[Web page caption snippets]

________________________________________

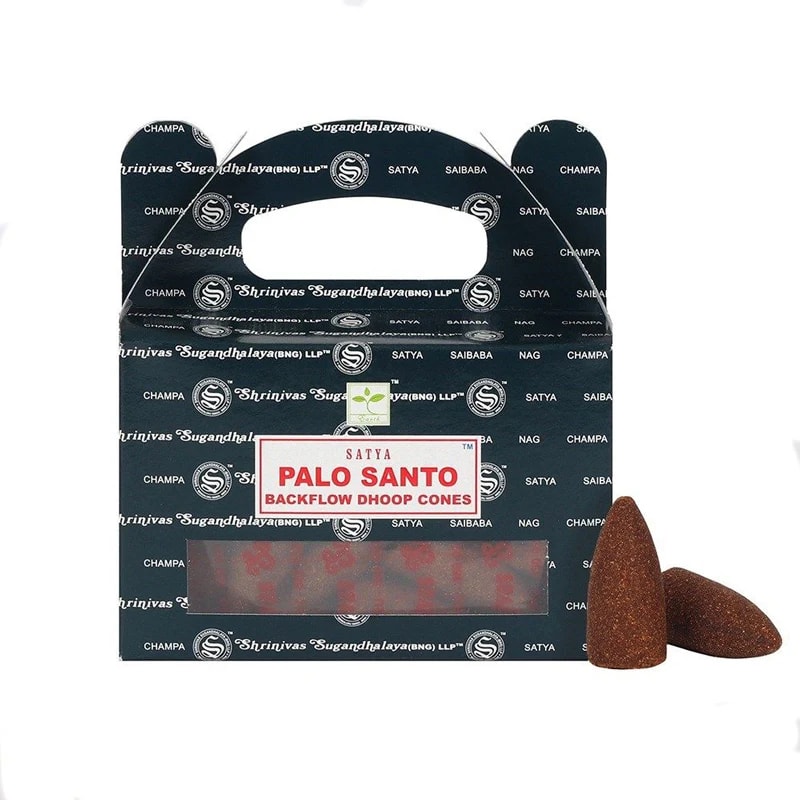 Satya  Backflow Palo Santo Rökelsekoner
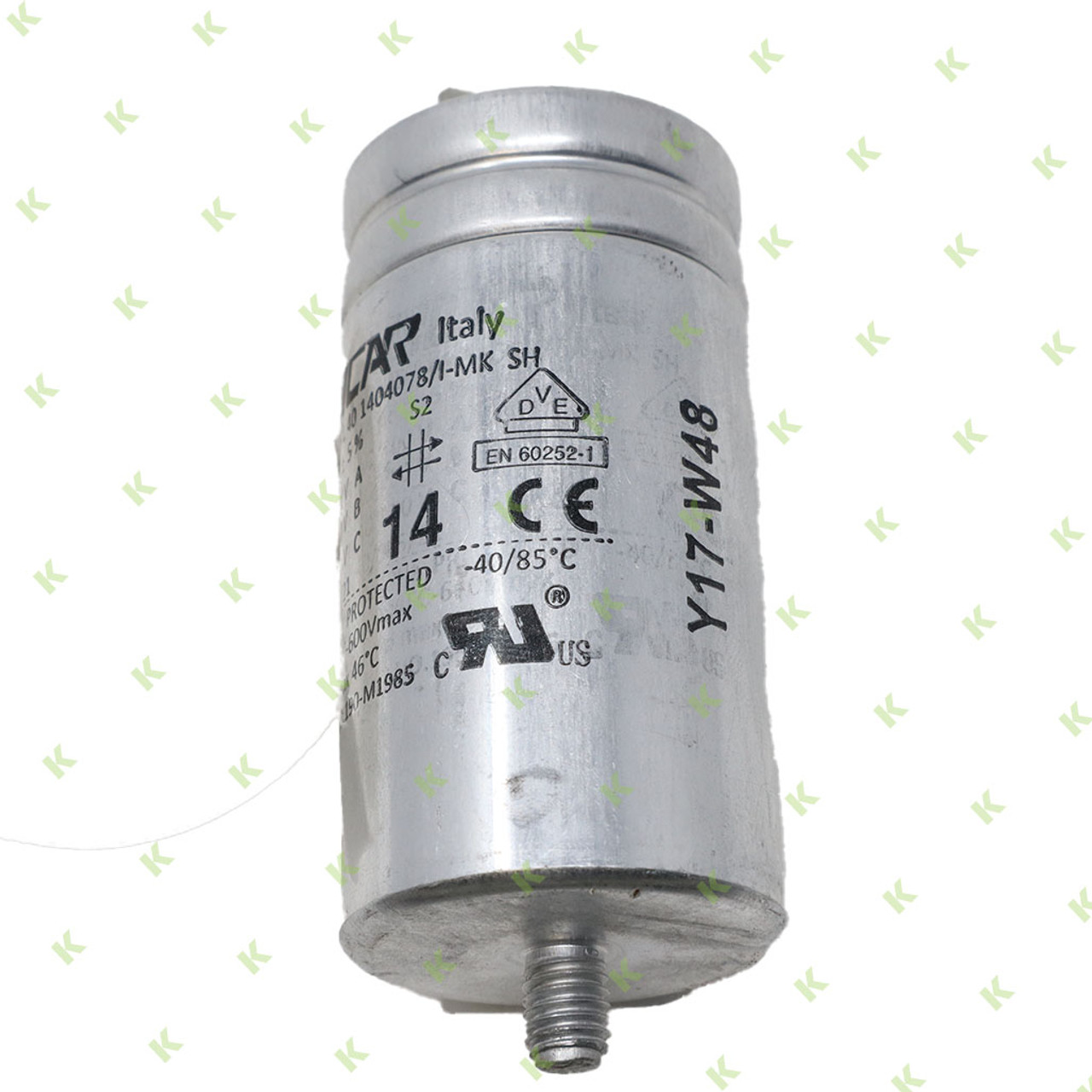 1559936 Capacitor 14microF for grinder motor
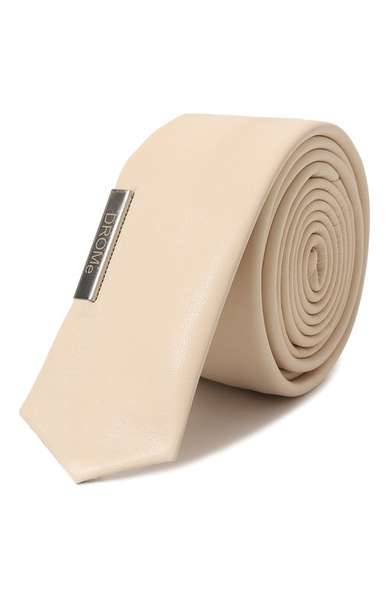 Кожаный галстук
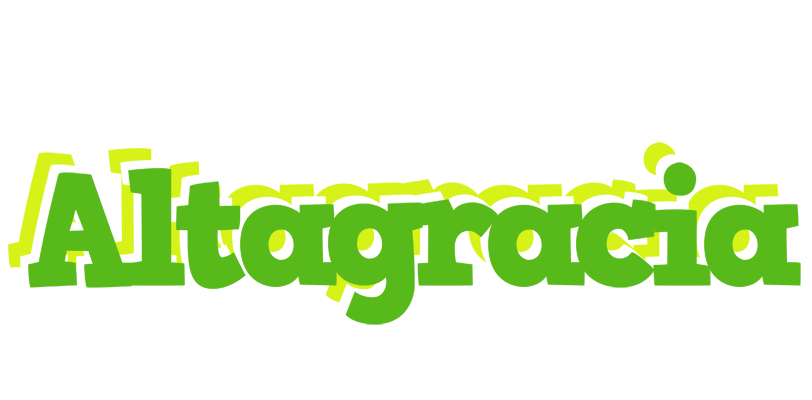 Altagracia picnic logo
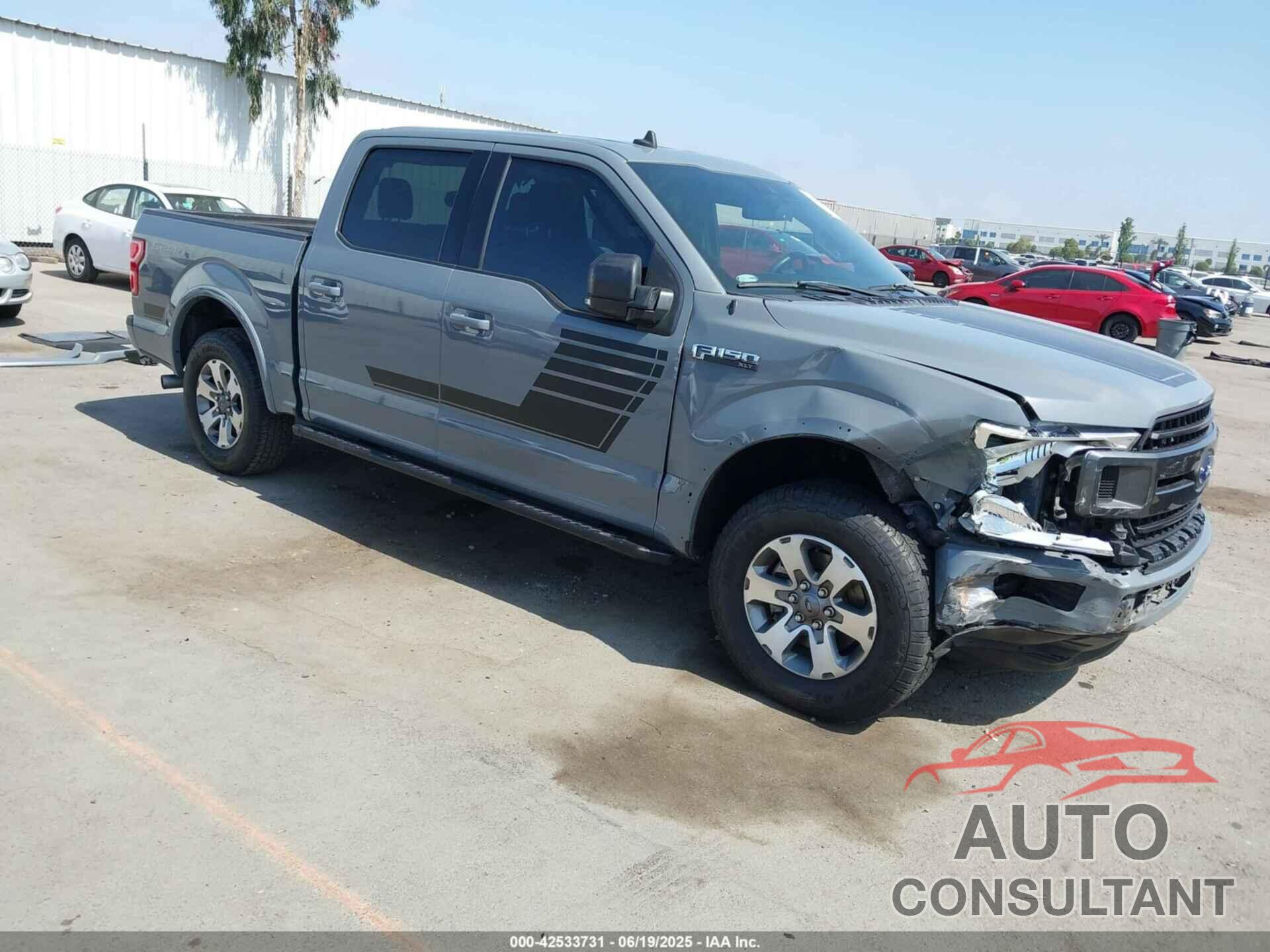 FORD F-150 2019 - 1FTEW1CP1KKD27534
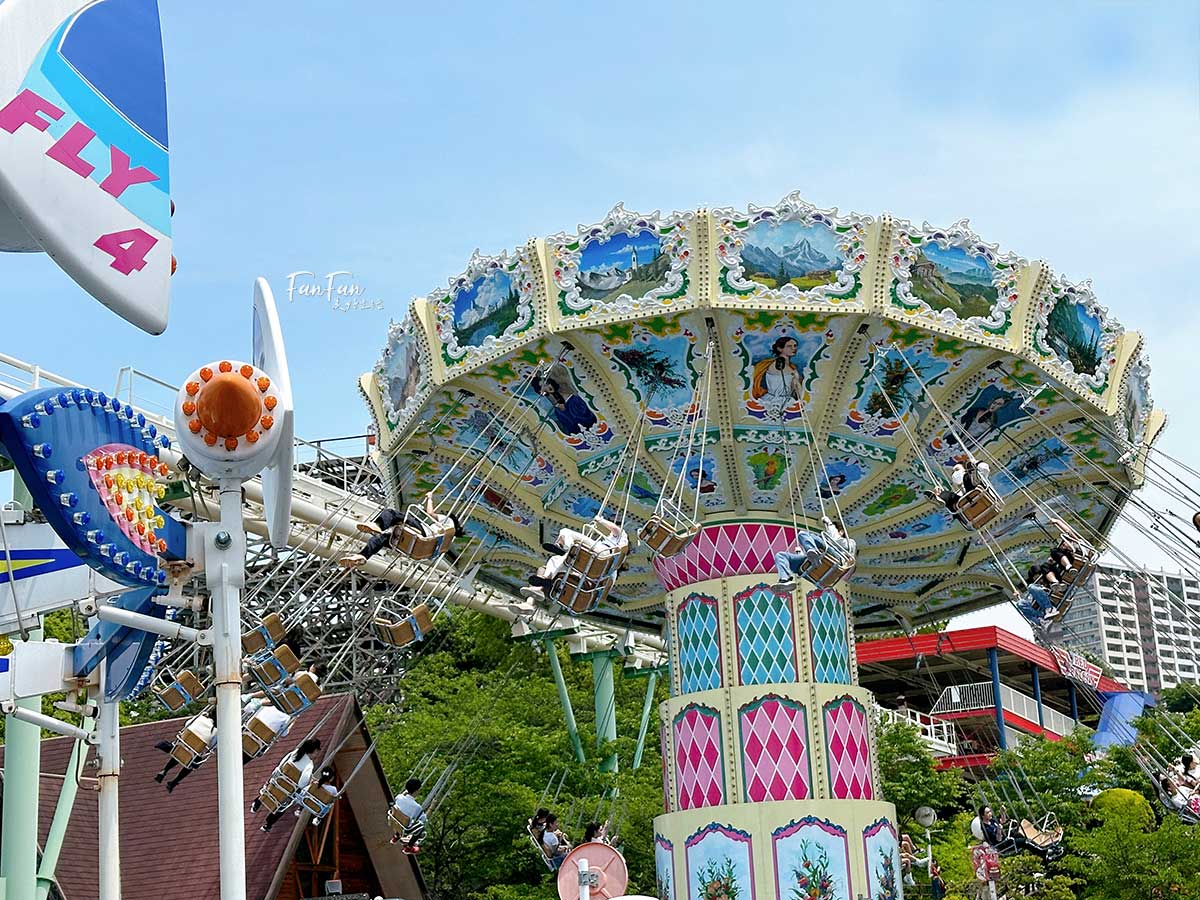 大阪親子遊樂園推薦：枚方公園無限暢玩免排隊！比環球更適合小小孩的在地遊樂園，設施無限搭暢完一整天｜枚方公園遊玩攻略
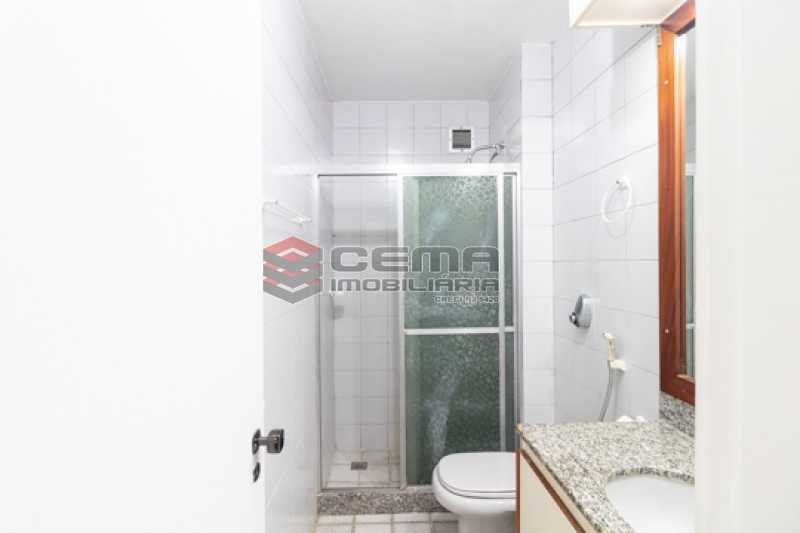 Conheça Banheiro Suíte do imóvel - Apartamento 1 quarto à venda Botafogo, Zona Sul RJ - R$ 1.100.000 - LAAP13162 - 10 Banheiro Suíte - Apartamento 1 quarto à venda Botafogo, Zona Sul RJ - R$ 1.100.000 - LAAP13162 - 10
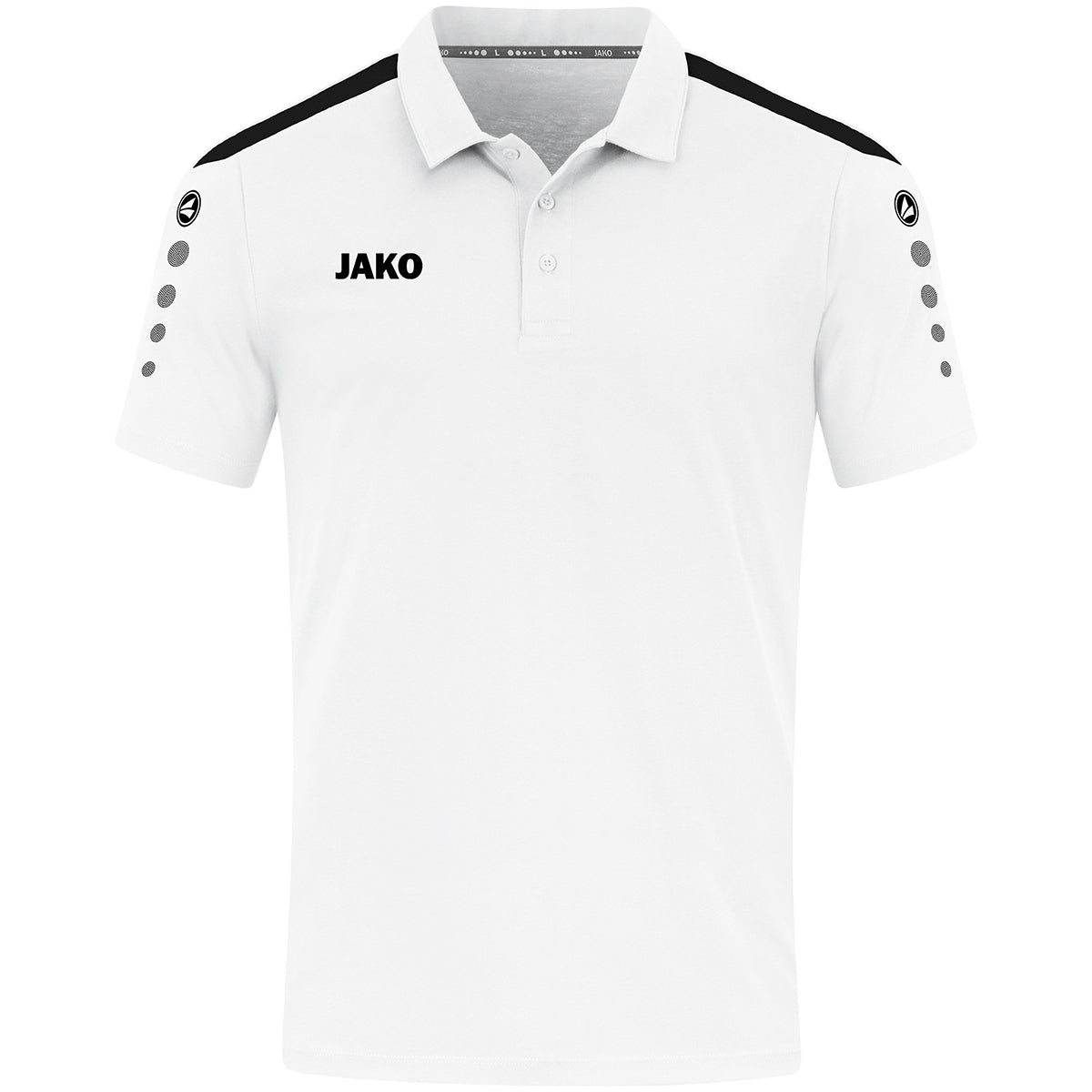 JAKO Polo Power - weiß (000)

________________________________________

_TASK_. Only the lines from the line that contains "Conheça Banheiro Suíte" through the end of the entries are to be written out, exactly and without pictures, both ends included.

_ANSWER TO THIS PROBLEM_.
 Conheça Banheiro Suíte do imóvel - Apartamento 1 quarto à venda Botafogo, Zona Sul RJ - R$ 1.100.000 - LAAP13162 - 10 Banheiro Suíte - Apartamento 1 quarto à venda Botafogo, Zona Sul RJ - R$ 1.100.000 - LAAP13162 - 10
 JAKO Polo Power - weiß (000)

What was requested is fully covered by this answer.